Mark Kolbe/Getty Images

Since Monday,'s Future Week has covered everything from NASA solving the space food problem to what fast-casual restaurants will look like in the decades to come. To cap it off, restaurant CEOs, epidemiologists, chefs, and readers think about what changes are coming to the world of food.

Nicolas Jammet, co-founder and co-CEO of sweetgreen: At the restaurant supply chain level, the future is all about transparency. Increasingly, diners want fresh, unprocessed food that isn't just local, but also grown by partners who understand the impact that they have on the environment and our health. The best food will be raised with practices that are not just low-footprint, but also restorative to their community. With more transparency, the food system will become vastly more efficient; once diners understand more about their food, we'll create greater demand for healthy agriculture, supporting the next generation of farmers and reducing waste.

Jennifer F. Myers, epidemiologist/surveillance coordinator: In addition to solving foodborne illness outbreaks faster, by harnessing technological advances commonplace in the private sector, foodborne outbreaks affecting the community can also be identified earlier by mining social media platforms. In recent years especially, emerging evidence on the effectiveness of social media has been demonstrated most notably with flu but has expanded to include foodborne illness complaints among other conditions. Foodborne Chicago is a pioneer, having rolled out a model in 2013 to understand this utility better and how social media data can be used to complement traditional surveillance approaches in the future. I look forward to further civic engagement efforts to improve current methodology in the field.

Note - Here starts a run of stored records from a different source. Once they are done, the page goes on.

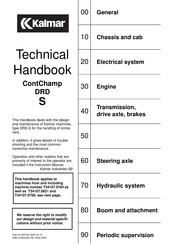 Kalmar T34107.0769 Technical Handbook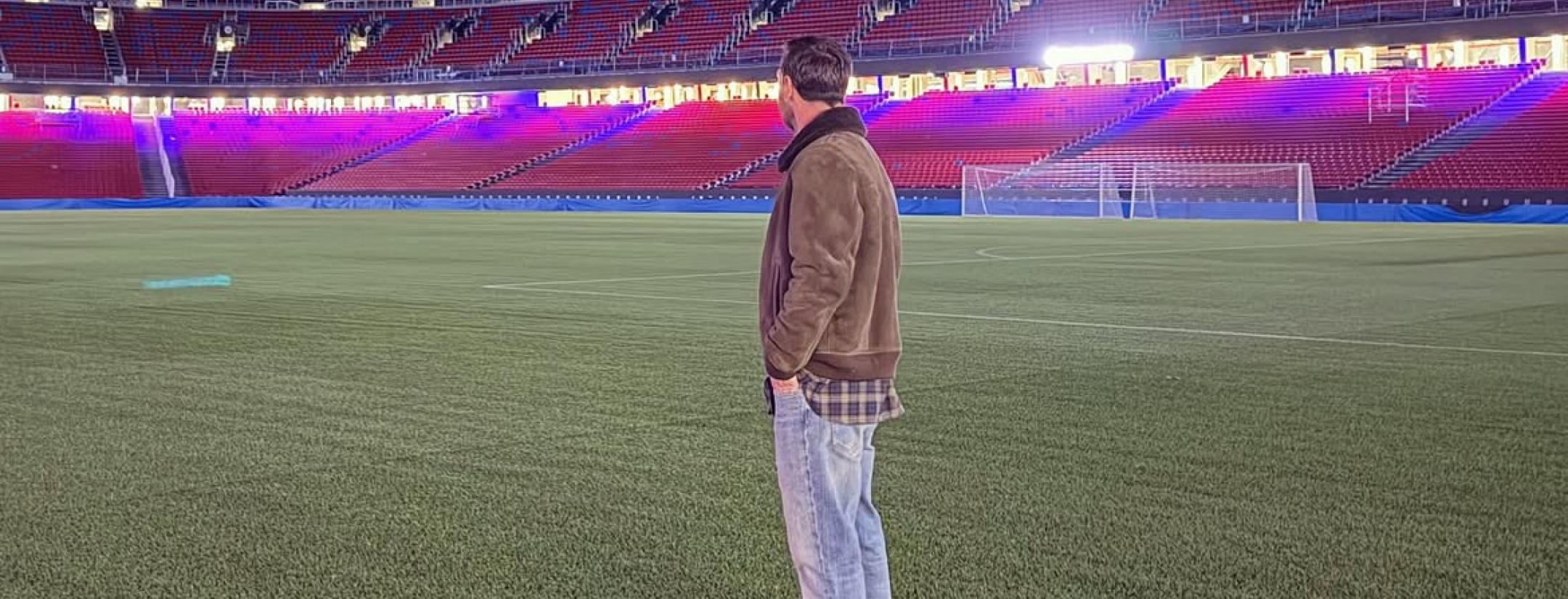 Messi Camp Nou trip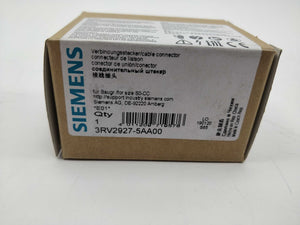 Siemens 3RV2927-5AA00 7 Pcs. Cable connector size S0 Spring-type terminal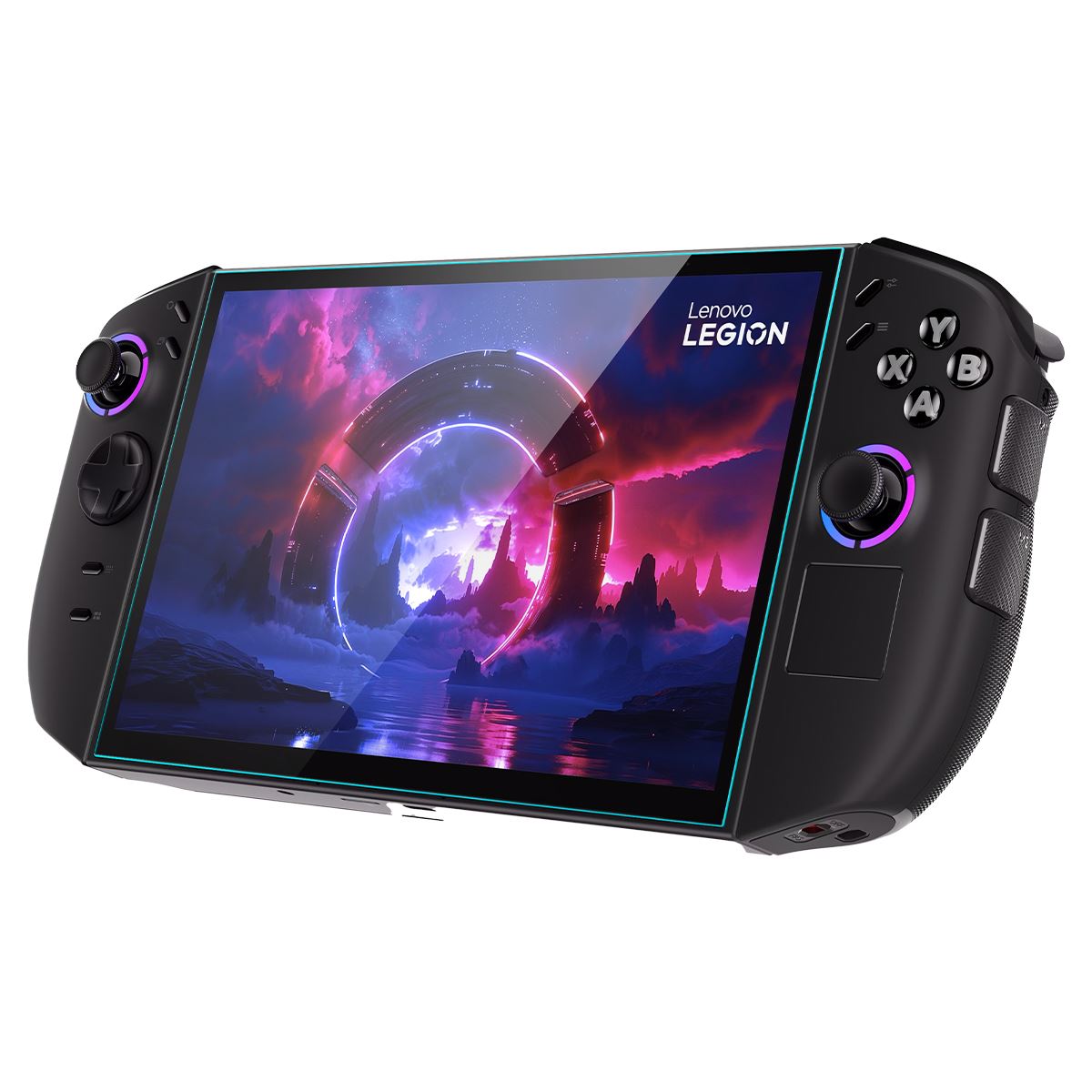 Spigen Glass tR Slim 2 Pack - Lenovo Legion Go 2 (2)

Dave Wolfgram, CEO and president of Yalla: Fast-casual restaurants are giving consumers the opportunity to gain access to the high-quality ingredients and the bold new flavors of cuisines previously only available in full-service restaurants. Consumers are also turning their loyalties towards restaurants that they trust to have their best interests in mind. Restaurants earn this trust through thoughtful and relentless sourcing of products that are good for both the guest and the planet.

Jason Tilery: I do not see an end of fine dining so much as a transformation of fine dining. I expect to see something like the neo-bistro movement in Paris happen here in America. It has already begun in NYC with restaurants like Thirty Acres, Contra and Battersby. It is only a matter of time before this concept starts to spread to other cities.

An alternative would be the ascent of chef tasting counters. With the rise of the minimum wage beginning to gather momentum, high-end restaurants will be forced to cut staff. Duties that were once  performed by two or three employees will be reduced to one. High-end restaurants will look less like Eleven Madison Park or Le Bernadin and look more like Momofuku Ko and Atera. Chefs will become the servers. This is not a new concept, but it is one that will become much more necessary for restaurants that want to survive.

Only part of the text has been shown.